This year’s market, held every Monday from 8 a.m. to 1 p.m. through September 26, includes longtime participants like Sea Love Sea Salt and Hanchey’s Produce as well as nine new vendors.

Potential vendors must apply for the market every year, and town staff aims to create a relatively equal balance of craft, food and produce vendors for residents and visitors. This year’s market has 10 vendors selling crafts, four selling edible items and seven selling local produce.

Several of the new vendors are either new businesses or new to Wilmington. Many of them, like The Pepper Mill Shop’s Kelly Sweitzer, started selling their goods online and are now transitioning to the market setting.

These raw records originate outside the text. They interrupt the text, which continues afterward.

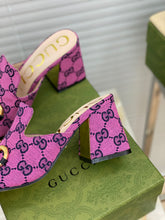 Load image into Gallery viewer, SE506  Size 5-10 Heels:7.5cm Material: Cowhide Lining: Sheep skin Sole: Italian leather
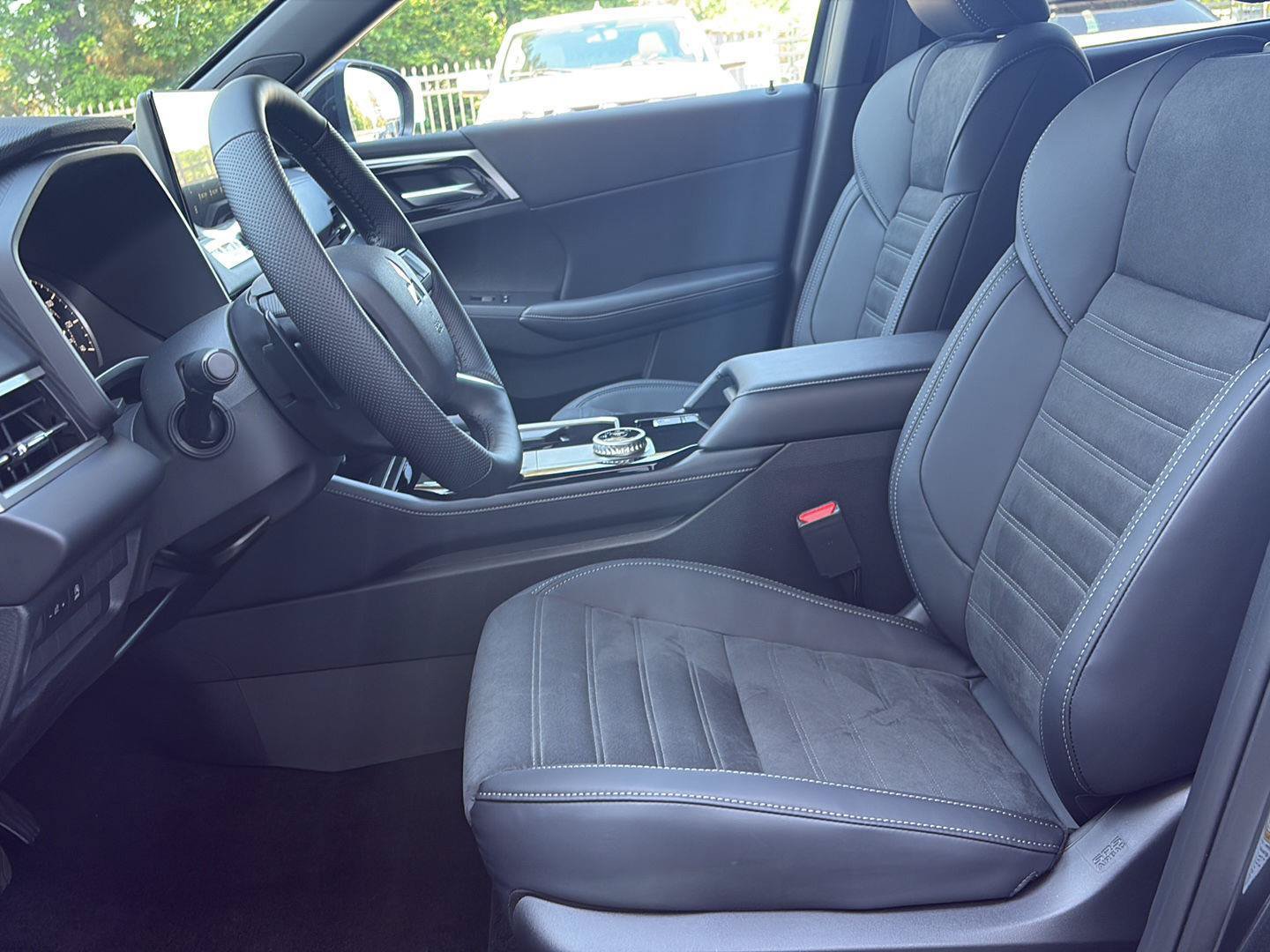 New 2026 Mitsubishi Outlander LE FWD image 15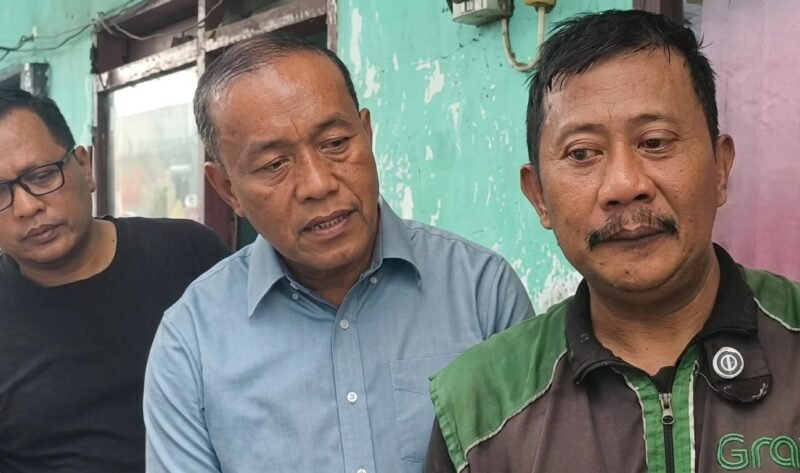 Foto: Sulis Agung Wibowo saat didatangi pihak Sudinhub Jaktim, Sabtu (20/6).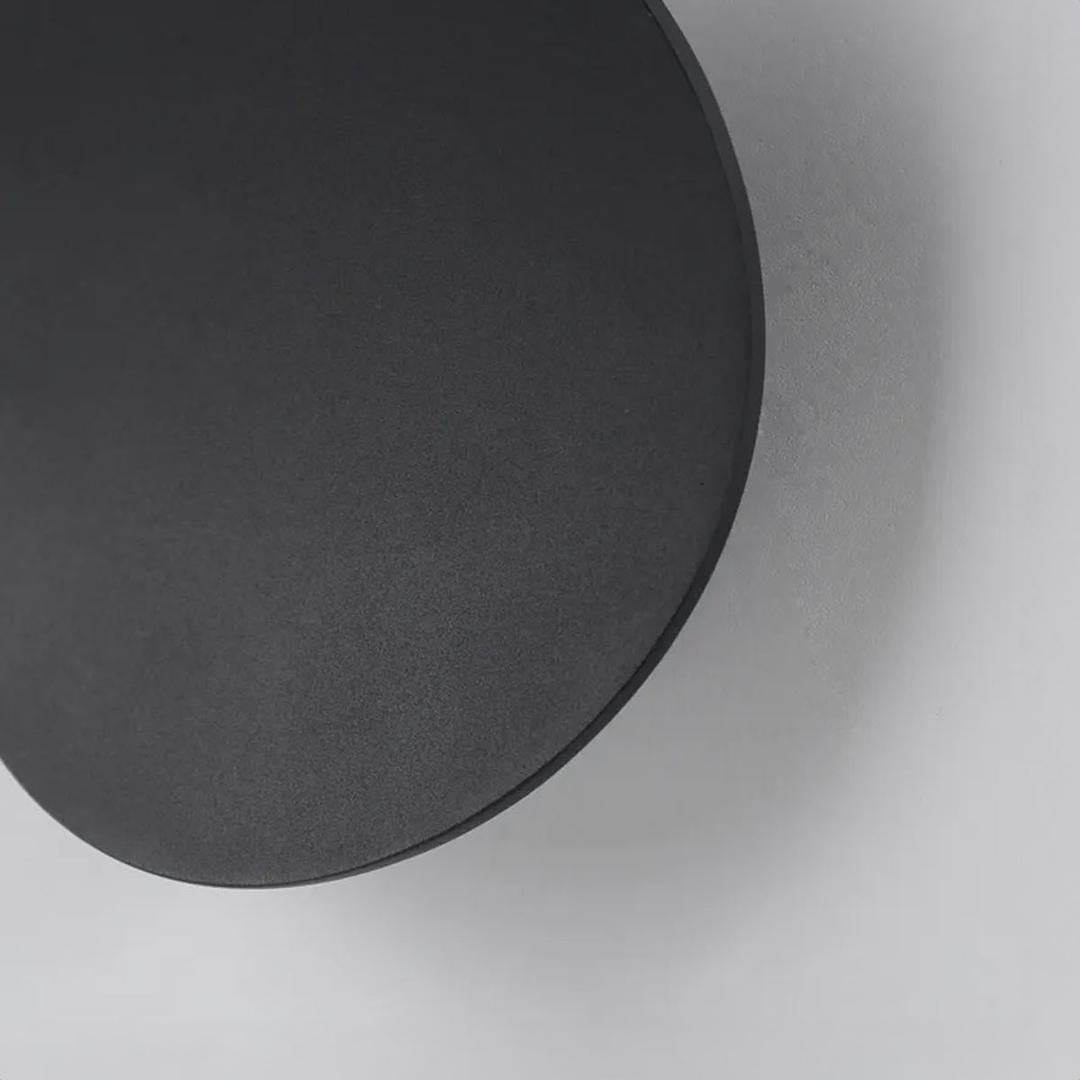 Okrągła Metalowa Lampa Ścienna – widok produktu 12 | Nuvira Home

Sweitzer said she particularly likes actually seeing customers’ reactions to her crafts, which are whimsical illustrated renderings of food puns like “I don’t wanna taco ‘bout it,” “I barley know you” and “I don’t carrot all.”

“I enjoy when people cry-laugh, or when they laugh so hard they snort,” she said. “I especially love it when the kids get them.”

She paints the characters on lightweight plywood and then digitizes the paintings in Photoshop to print the images on tote bags, shirts, onesies, buttons and magnets. As for coming up with the food puns, she said in the beginning she held a few brainstorming sessions with friends, but now concepts just come to her.

“They just pop out of thin air, like when I’m walking down the grocery store aisle,” she said, adding that ideas are also inspired by cooking with her husband.

Rachel Archer is also participating in Wrightsville Beach’s market for the first time after several years of selling her wares online. For her business, Bows on Arrows, she makes jewelry out of distressed metal and gemstones.

She just moved to the area from West Virginia, she said, and she applied to be in the Wrightsville Beach Farmers Market because she thought it would be a good fit for her product, and she liked its proximity to the ocean.

Archer is a self-taught jewelry maker. She has a degree in graphic design, but she found she enjoyed making art with her hands instead of working all day on a computer. She started painting wine glasses, but one day stumbled across a photo of a wire-wrapped pendant.

“I just thought it was so interesting, but I didn’t really understand how it was done,” she said. “I made it my mission to figure it out.”

She’s only been making the jewelry for about six months, she said, but she loves the process and how unique each piece turns out depending on the materials she uses. Another benefit, she added, “is now I have jewelry all the time.”

New vendor Andrea Martin has sold her line of handcrafted skincare, Seagrass Naturals, in hair salons, but this will be her first time selling at a farmers market. She hopes to reach a wider audience and introduce herself to more people in the community.

She started making skincare products as a hobby, she said, but friends and family encouraged her to turn it into a business. She described the products she’ll be selling at the Wrightsville Beach Farmer’s Market as “handmade soaps, sea salt scrubs, body butter and all-natural shower gels.”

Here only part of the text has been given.